YOUR INSTRUCTIONS
An exact reproduction of all the data is needed, with no images in it.

STORED DATA
↓

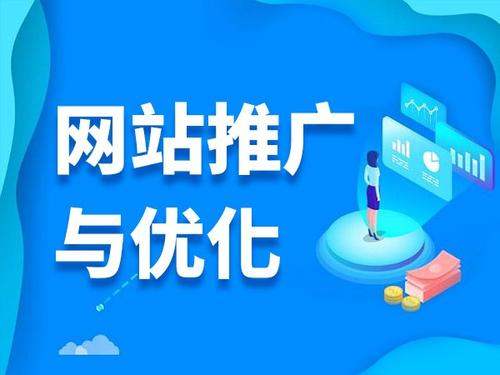 塔城电商类网络推广如何做才有更好的效果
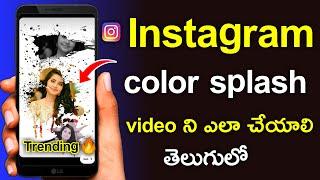 Color splash Instagram Trending reel video Editing in Telugu || How to use color splash effect.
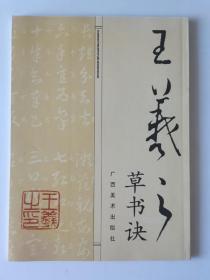 王羲之草书诀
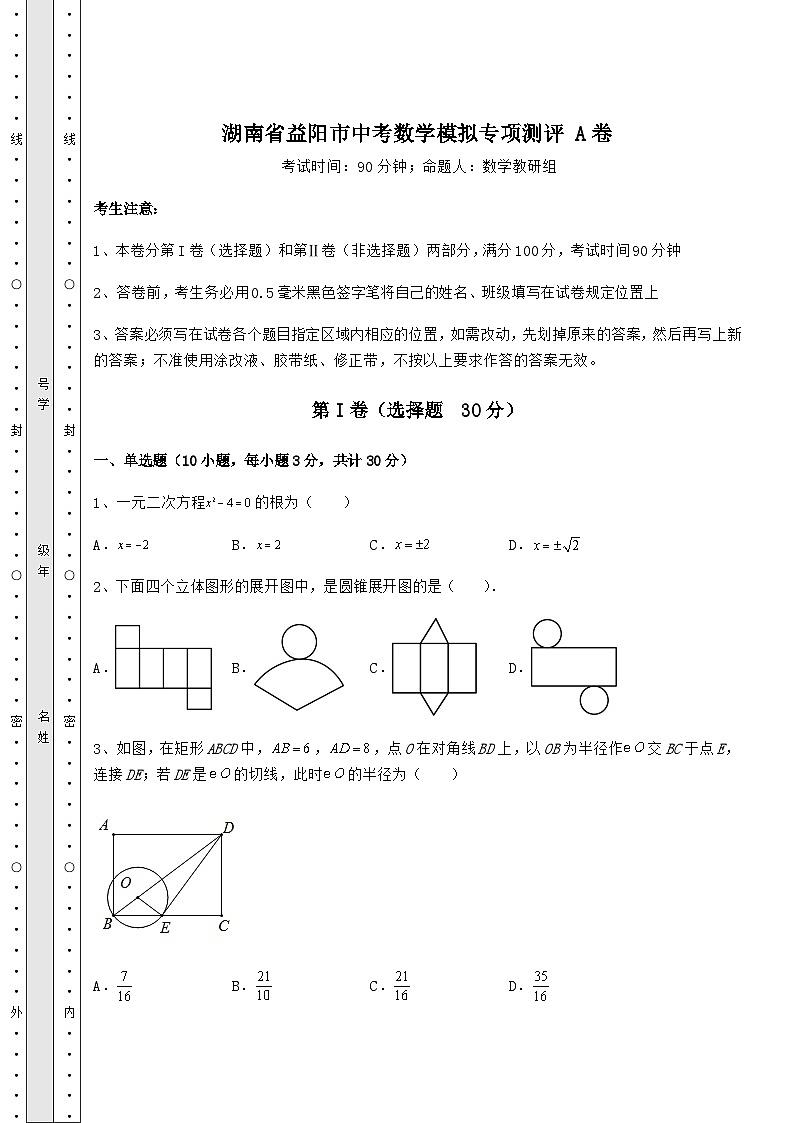 模拟汇总湖南省益阳市中考数学模拟专项测评 A卷（精选）01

↑

RESPONSE
 塔城电商类网络推广如何做才有更好的效果
 Color splash Instagram Trending reel video Editing in Telugu || How to use color splash effect.
 王羲之草书诀
 模拟汇总湖南省益阳市中考数学模拟专项测评 A卷（精选）01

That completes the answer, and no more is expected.